The loan is for €171.4mn with a tenor of 14 years and the interest rate is based on the three-month Libor rate. It will be provided by UniCredit and DZ Bank, and comes with a guarantee by the German ECA, Euler Hermes.

“The credit line will be taken within a four-year construction period (in several instalments), and we’ll start repayments after the completion of construction,” a spokesperson for Uralkali tells GTR.

The mine shafts will be constructed by German engineering company Deilmann-Haniel Schachtostroj, encouraging the involvement of Euler Hermes, which has agreed to cover all the political and commercial risks.

Viktor Belyakov, acting CEO of Uralkali, comments: “Our first ECA-backed facility confirms the ability of the company to raise financing from the leading European banks.
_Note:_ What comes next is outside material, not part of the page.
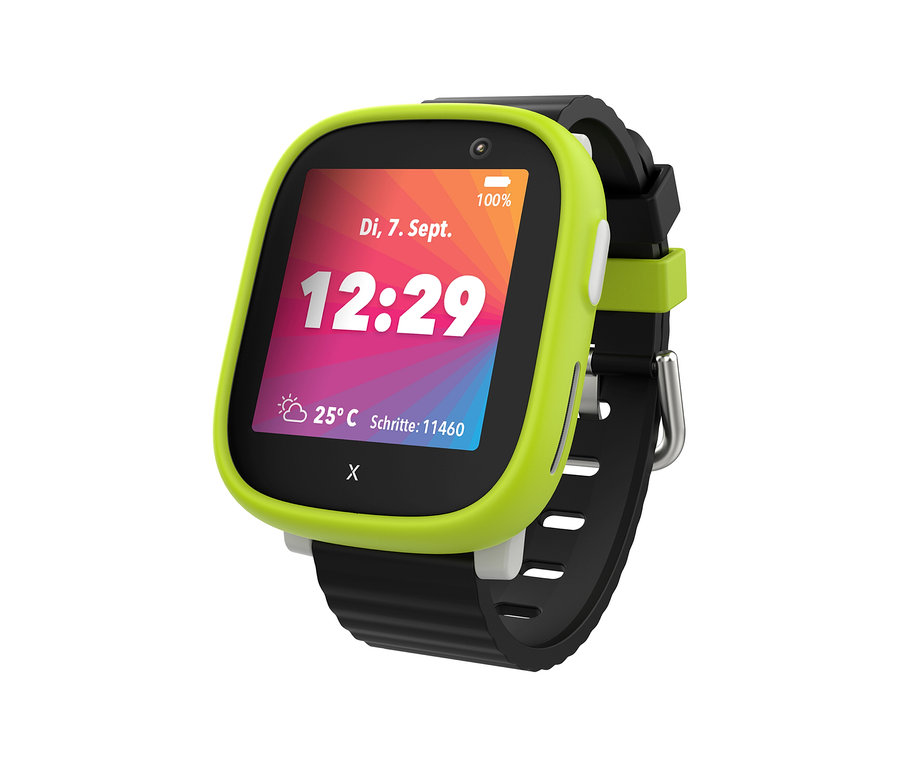 Nahaufnahme einer grünen Kinderuhr mit schwarzem Armband.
This deal further diversifies Uralkali’s loan portfolio and prolongs its average maturity.”

The German branch of UniCredit has acted as mandated lead arranger, ECA agent and facility agent while the bank’s Russian branch, ZAO UniCredit, is passport bank.

The potash industry has featured heavily in the news lately with questions over supply and prices but mostly from Uralkali’s withdrawal from its Belarusian trading arm, Belaruskali.

Prices have shown recent instability on the back of weak demand but increasing demand for protein in the form of meat and soy – both of which require more fertiliser – from China and India has helped to give potash companies a more secure view of the market, and the development of the two new mine shafts is part of this confidence.

“The constructed Ust-Yayvinsky mine [the two new mine shafts] is meant to be a substitute for the depleting capacities of one of our mines,” the spokesperson comments. The two shafts have a capacity of 11mn tonnes of ore per year.

Uralkali regularly taps the trade finance markets but has not looked to an ECA-backed loan before. Last year, it signed a five-year pre-export finance (PXF) facility worth US$1bn and led by American, French and Asian banks. In 2011, it secured a similar PXF to the tune of US$205mn.